N’était-il pas porteur d’une autre sensibilité ? N’avait-il donc qu’à se
taire et traverser les siècles en solitaire ?
D’autres
interrogations se font jour, à titre d’exemple le problème des captifs, ceux-ci
constituent le moteur du récit, et la justification par excellence de cette
relation dont le titre lui-même est l’illustration parfaite. À notre grande
surprise, ces captifs que nos investigations nous ont fait découvrir, libérés
et ramenés au pays grâce à Al-Wazir, sont curieusement absents de son
récit ! Comment expliquer ce silence assourdissant ? Pourquoi
l’auteur ne se targue-t-il pas d’un tel exploit ? Seules les archives
espagnoles nous permettent de suivre les péripéties mouvementées de la
libération des captifs, jusqu’à leur arrivée dans leur pays et la réception qui
leur fut accordée par My Ismaël en personne.
Cela nous amène
donc au deuxième volet, de cet intérêt qui nous a incités à faire de cette
Rihla, l’objet de cette étude, et que l’on peut résumer en cette immense
interrogation :
Quelles sont les raisons qui expliquent ce désintérêt total, envers
Al-Wazir de la part de ses compatriotes ? Toutes les Rihla faites en pays
européens et sans exception furent éditées, commentées, annotées, sauf
celle-ci. Aucun historien marocain jusqu’à aujourd’hui n’a daigné jeter le moindre regard sur elle,
ni s’intéresser à son auteur, encore une fois : quelles sont les causes
avouées ou inavouées, qui condamnèrent à l’oubli un souffle d’air vivifiant.
Comment expliquer que seuls les étrangers ont exhumé et exhibé cette Rihla à
des fins qui servent plus l’idéologie que la science ?
Afin
d’illustrer nos propos et mieux ressortir l’originalité de cette Rihla. Nous
avons cru bon de procéder à une confrontation entre cette œuvre d’Al-Wazir, et
certaines autres Rihla entreprises à leur tour en Espagne. Car il est patent de
constater que si Al-Wazir et sa Rihla furent ignorés, ses successeurs ont eu
tout le succès escompté. Muh.El Fasi qui a édité la plupart de ces travaux, nous
dit que ce sont eux qui ont incité les sultans à engager les réformes (Al
Islah). Si cette affirmation est à vérifier, il est indéniable que ces auteurs
ont largement contribué à la formation d’une certaine image, d’une certaine
Europe.
Dans un ouvrage
qui vient de paraître en langue arabe sur “l’Europe dans le miroir des
relations des voyageurs marocains”. L’auteur, historien va même jusqu’à
soutenir que toutes ces Rihla depuis Ibn Utman Al Miknasi “forment trois étapes
dans la formation de la conscience historique nationale marocaine”. Il va sans
dire que ni Al-Wazir, ni sa Rihla, ne sont à aucun moment mentionnés !
Restaurer et
restituer cet édifice disparu, c’est-à-dire l’homme et son œuvre, lui restituer
le rang qui lui revient dans cette fameuse “conscience historique nationale”.
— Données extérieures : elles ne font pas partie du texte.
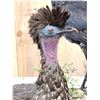 Image 7 : Male & Female Great Curassow Full Body Bird Taxidermy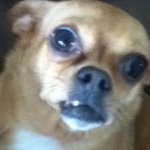 Profile Picture of Carter (@cressdwelll) on Instagram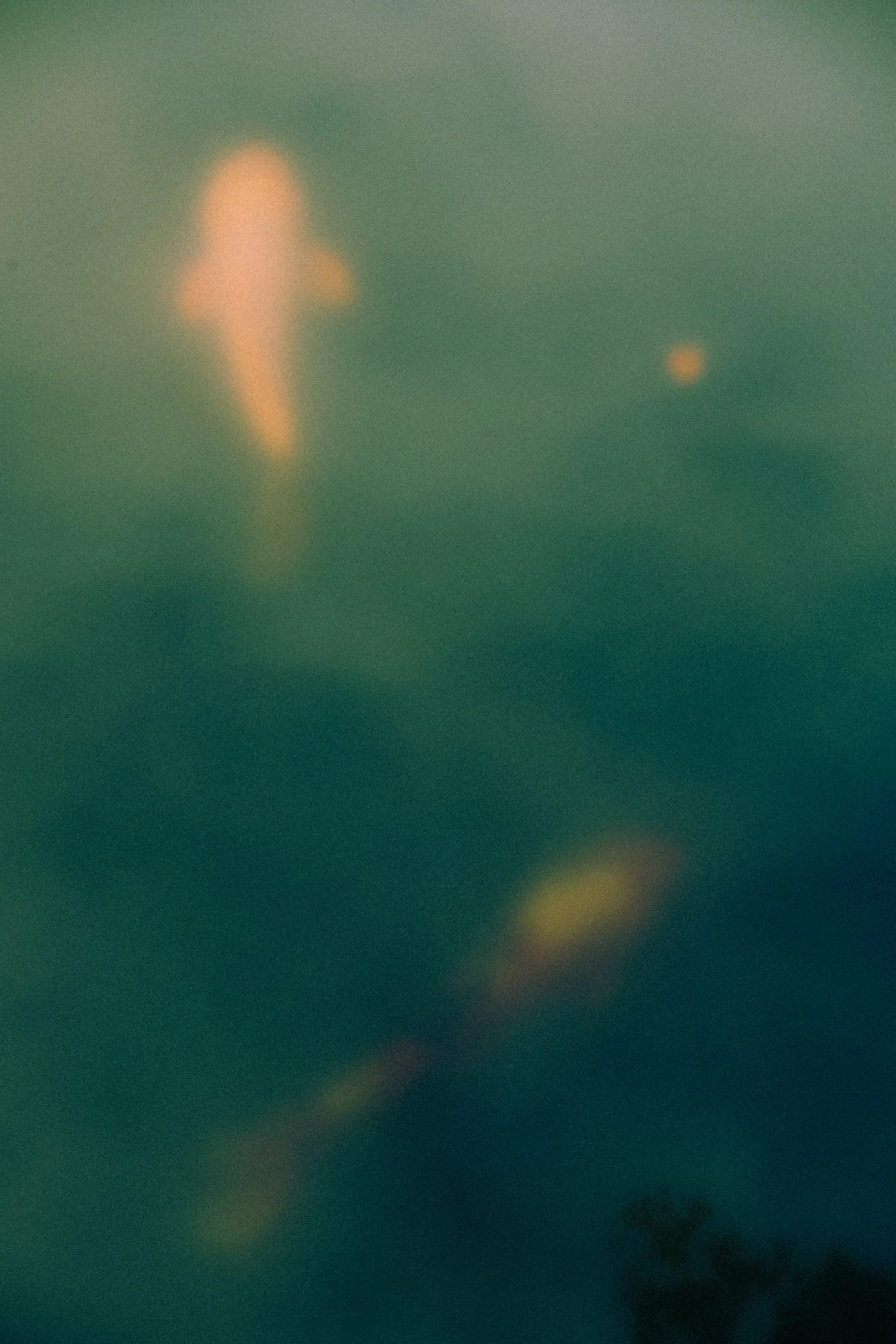 movements-2.jpg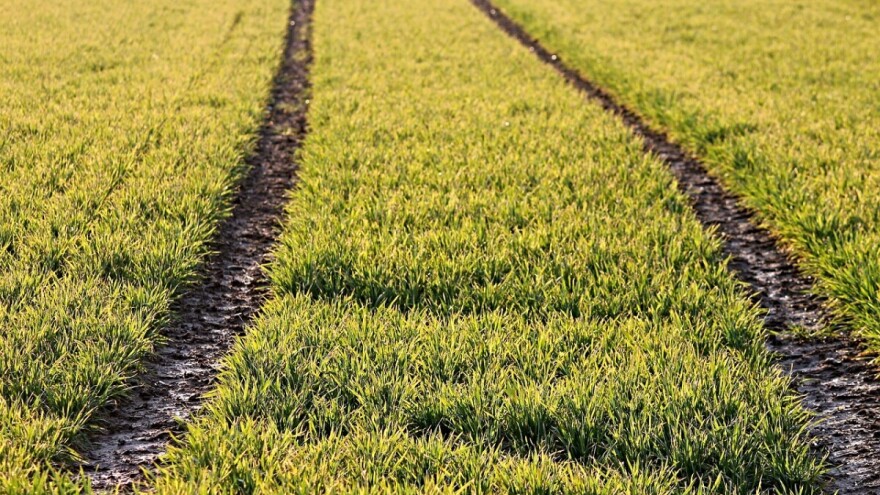 Donesena Uredba o registru podsticaja u RS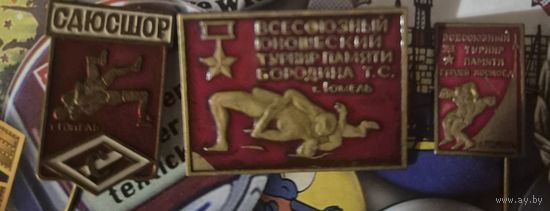 3 значка Борьба Гомель одним лотом все три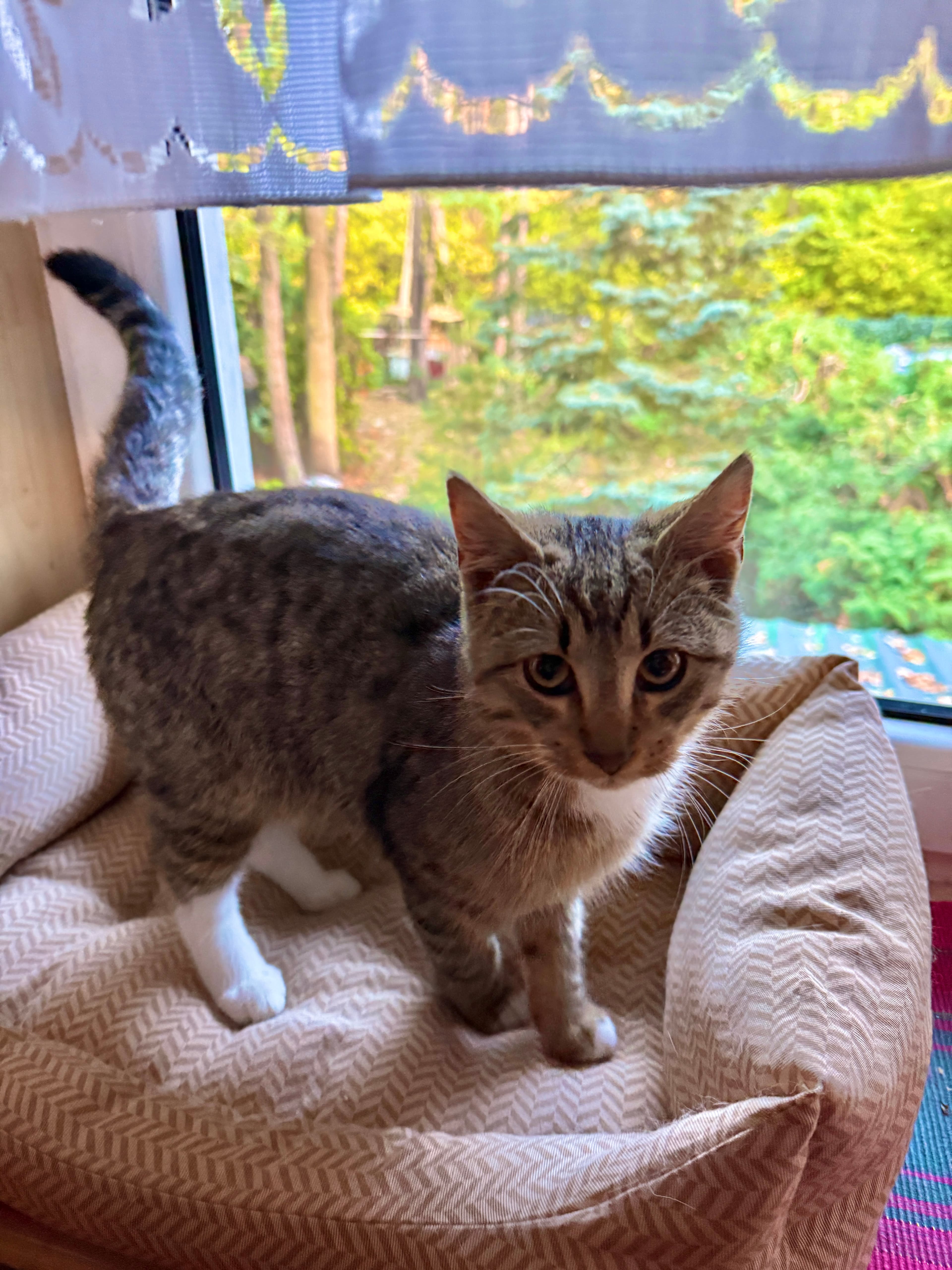 Rescue cat Leo gallery photo - Leo photo 7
Voilà un pari difficile, si ce travail malgré ses imperfections, et la part de
subjectivité qui le traverse, réussit un tel exploit, il ne serait ni vain, ni
inutile.
Je n’oublierai
surtout pas avant de conclure cette introduction de remercier les responsables
de la Bibliothèque Générale, comme ceux de la Bibliothèque Royale et de la
Bibliothèque de la Source de Rabat, de même que le personnel de la Bibliothèque
Nationale et de la Bibliothèque Orientale à Paris. J’exprime donc toute ma
gratitude envers ces femmes et ces hommes qui m’ont, avec une inlassable
obligeance, permis de consulter toutes sortes de documents nécessaires à ma
recherche.
Je tiens à
remercier également Madame Bussy Genevois Danielle, professeur d’espagnol. Le
diplôme que j’ai préparé sous sa direction a été pour moi une véritable
initiation à la langue et à la civilisation hispanique. Les Professeurs :
Mohamed Arkoun, André Miquel, Jamel Eddine Bencheikh -que j’ai eu la chance et
l’honneur de travailler sous leur direction- leurs conseils généreusement
prodigués ont largement contribués à élargir les horizons de ma réflexion. Mes
remerciements également à Henry Laurens professeur au Collège de France qui a
dirigé cette thèse, et dont la sérénité
et la richesse de nos échanges furent des plus fructifiant.